##### Material for this exercise
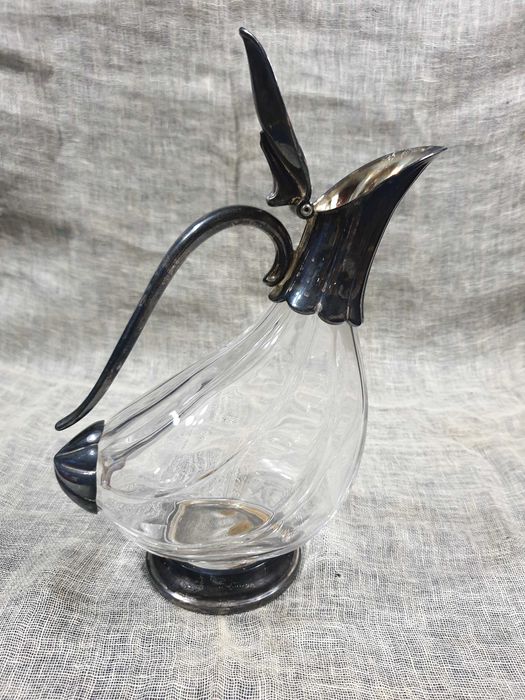 Кристален  декантер, сервиз с гъски,композиция с гъски  чифт патици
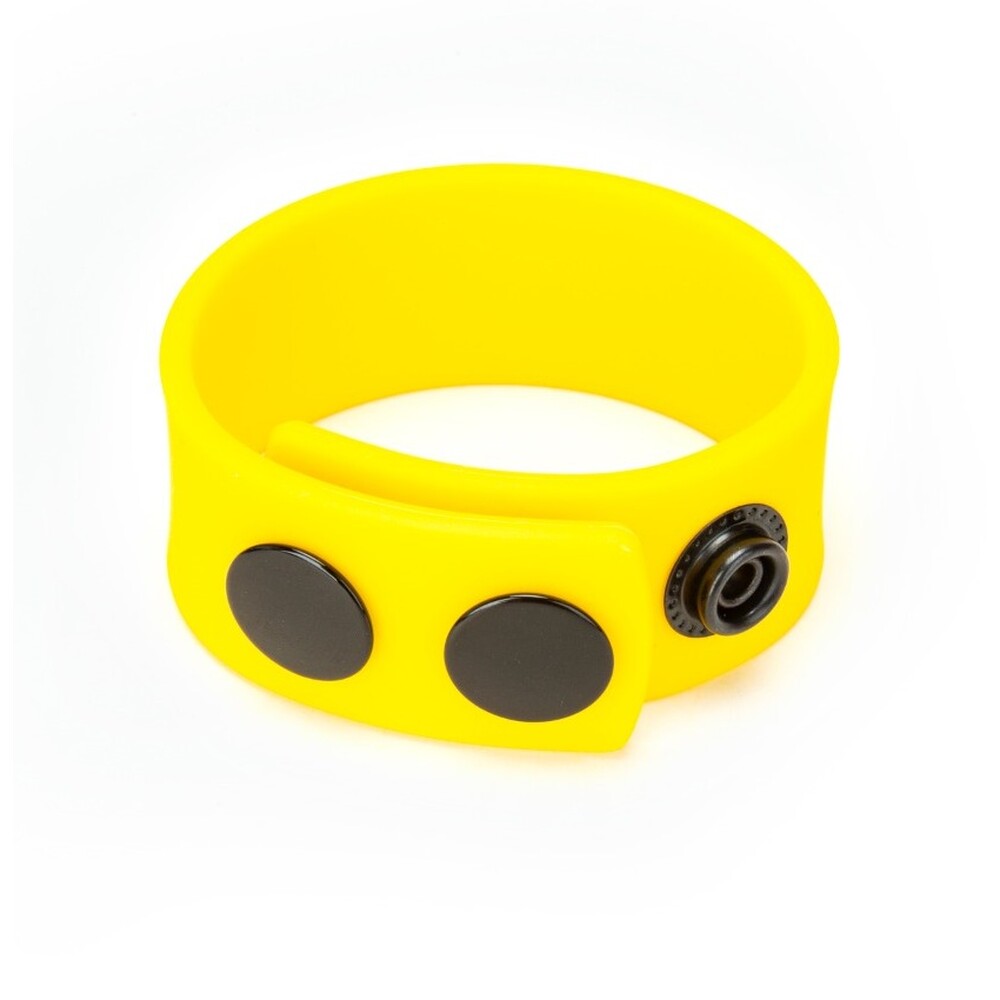 Yellow silicone cock strap from me you us, a textured love ring for pleasure.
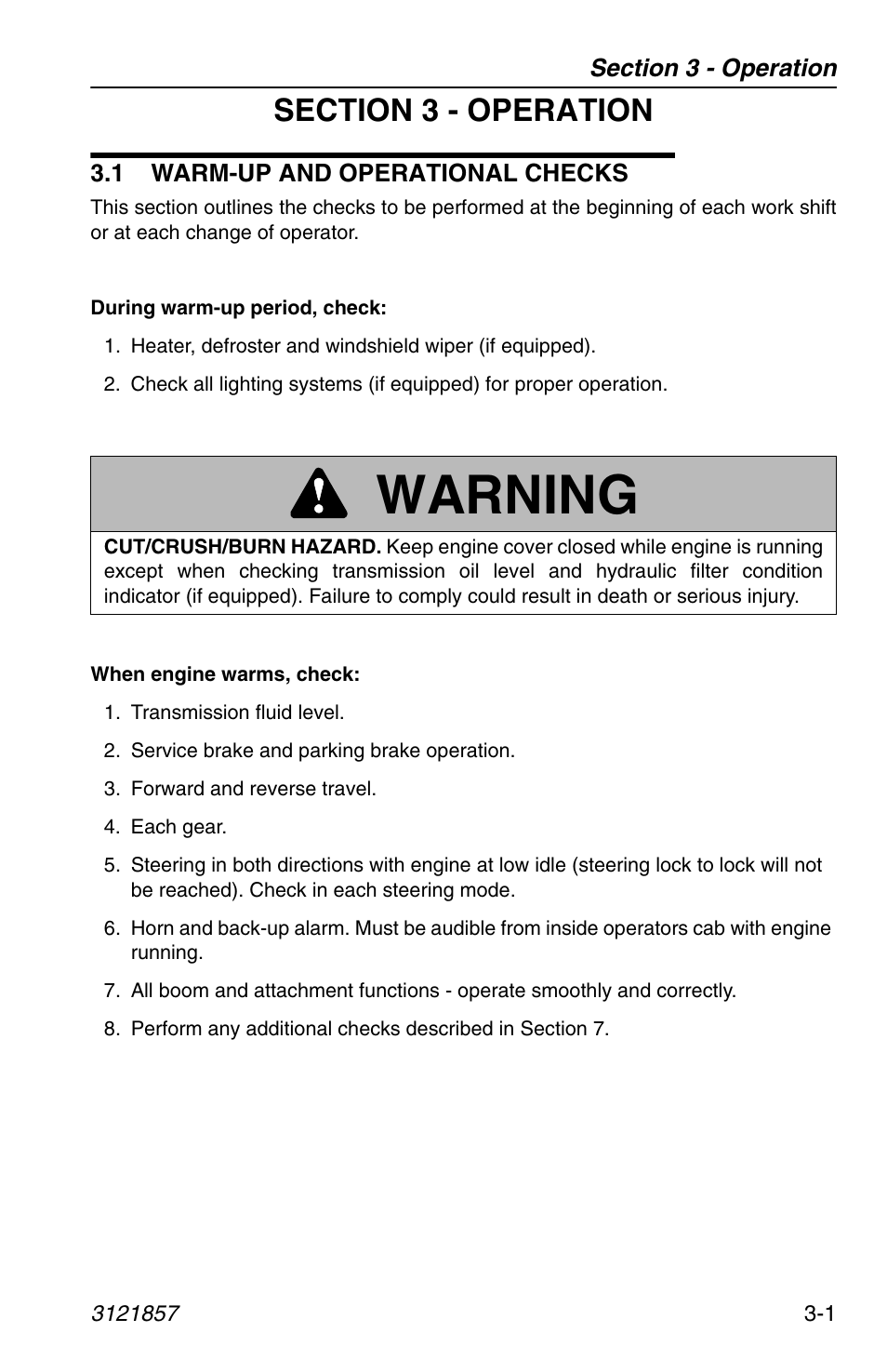 Section 3 - operation, 1 warm-up and operational checks, 1 warm-up and operational checks -1 | Warning | JLG 4017 Operator Manual User Manual | Page 57 / 120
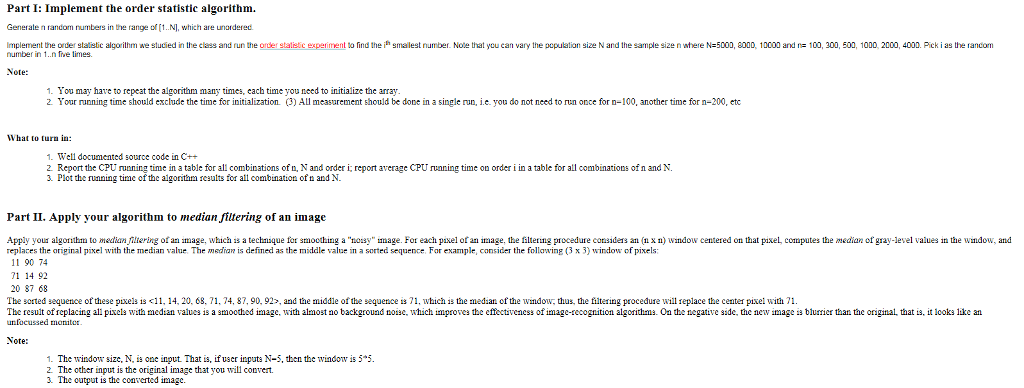 Part I: Implement the order statistic algorithm. | Chegg.com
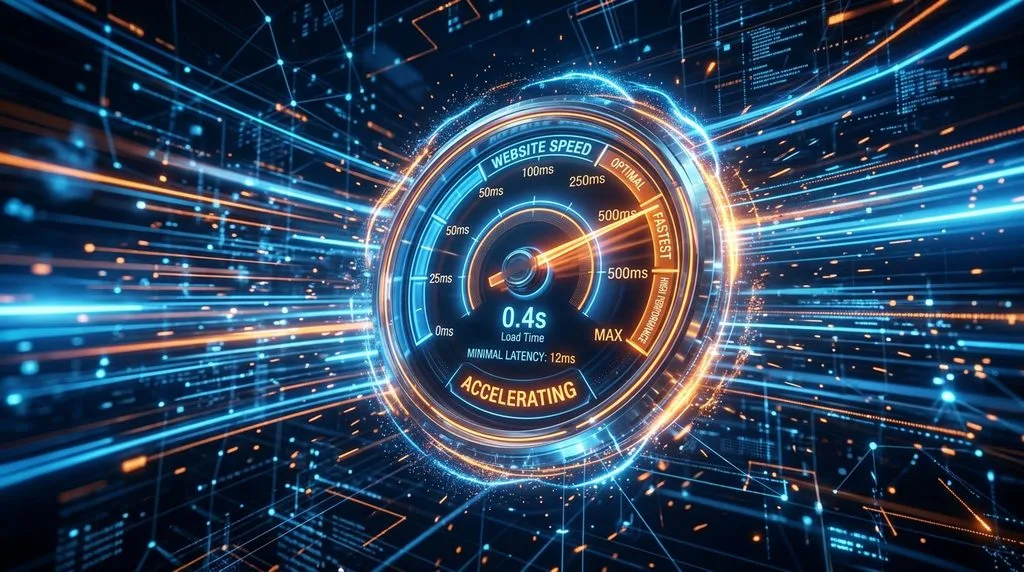Performance speed meter symbolizing fast page loading time for web optimization.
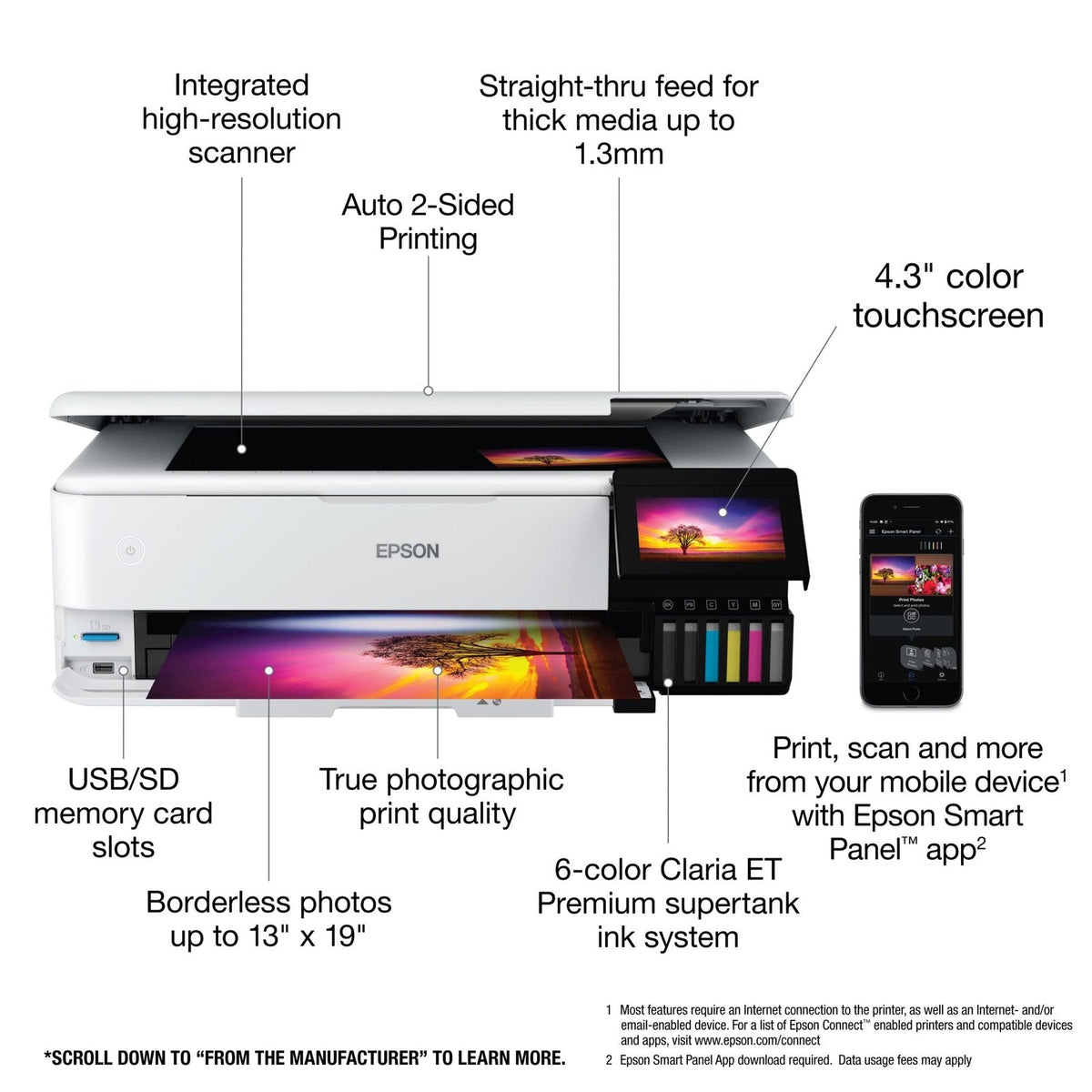 Epson – EcoTank Photo ET-8550 All-in-One Wide-format Supertank Printer – White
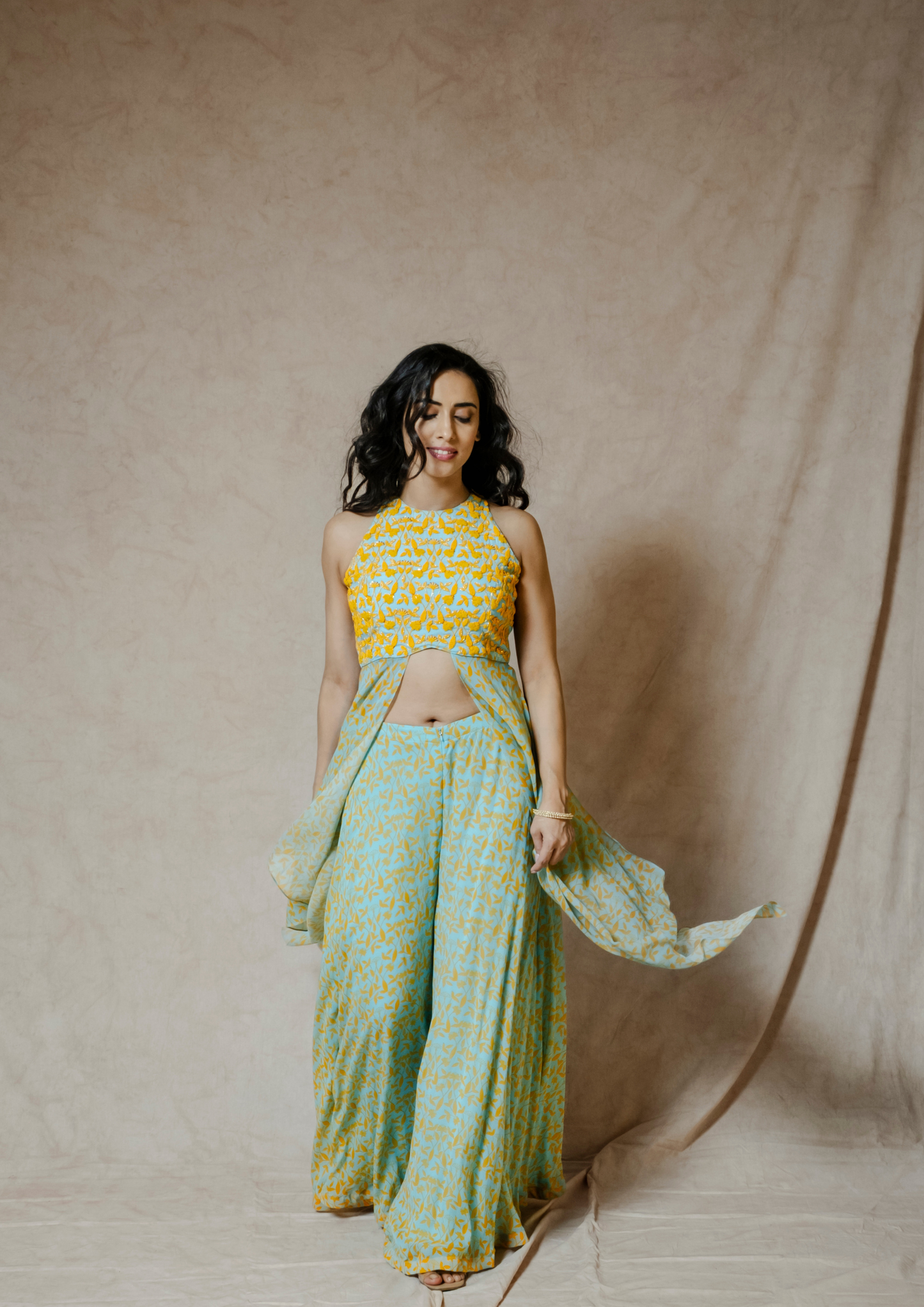 Noor Orange and Blue Crop Top and Palazzo Set.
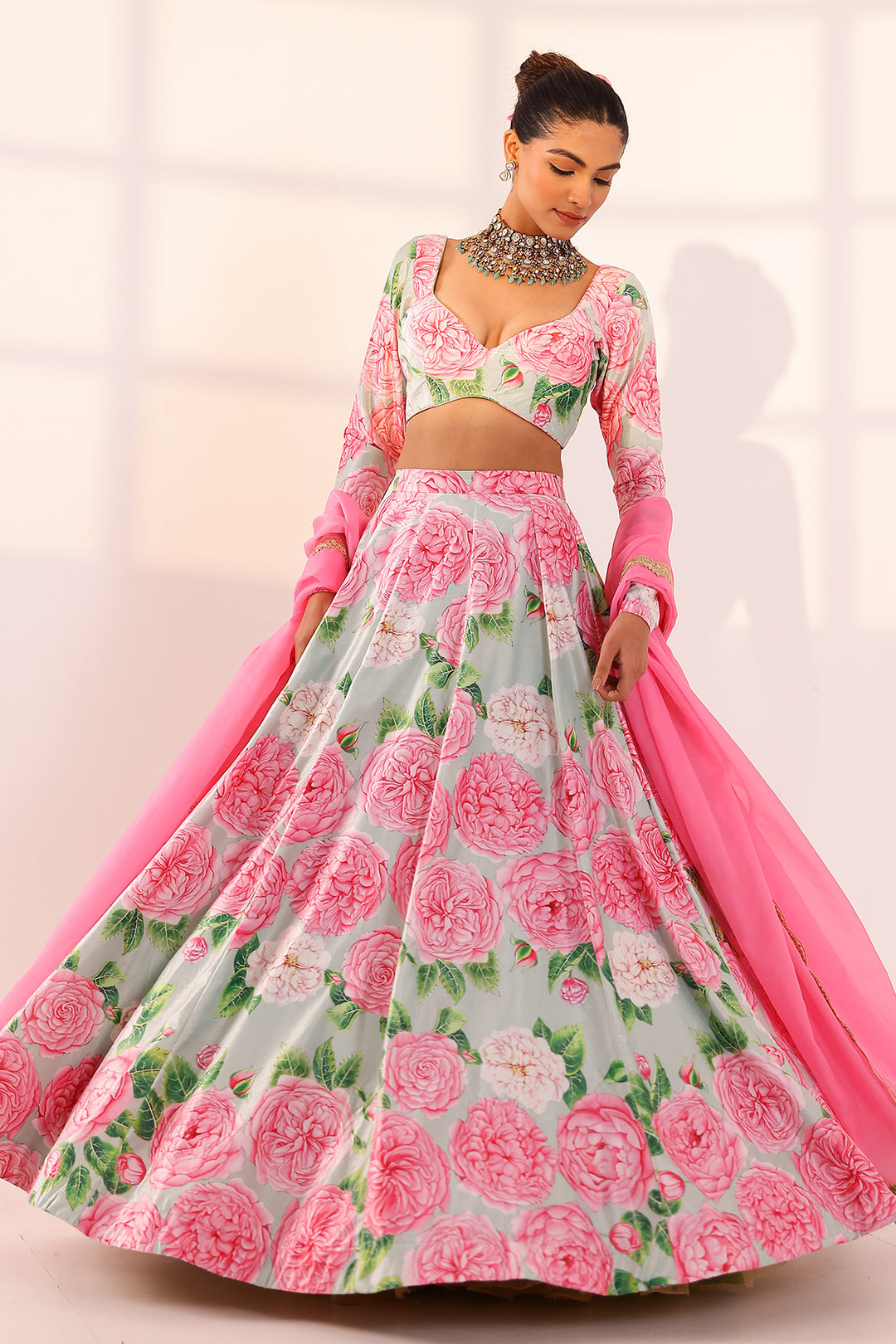 Mint green lehenga set (organza dupatta)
##########
A word-for-word copy of the records above is needed, pictures excluded.

 Кристален  декантер, сервиз с гъски,композиция с гъски  чифт патици
 Yellow silicone cock strap from me you us, a textured love ring for pleasure.
 Section 3 - operation, 1 warm-up and operational checks, 1 warm-up and operational checks -1 | Warning | JLG 4017 Operator Manual User Manual | Page 57 / 120
 Part I: Implement the order statistic algorithm. | Chegg.com
Performance speed meter symbolizing fast page loading time for web optimization.
 Epson – EcoTank Photo ET-8550 All-in-One Wide-format Supertank Printer – White
 Noor Orange and Blue Crop Top and Palazzo Set.
 Mint green lehenga set (organza dupatta)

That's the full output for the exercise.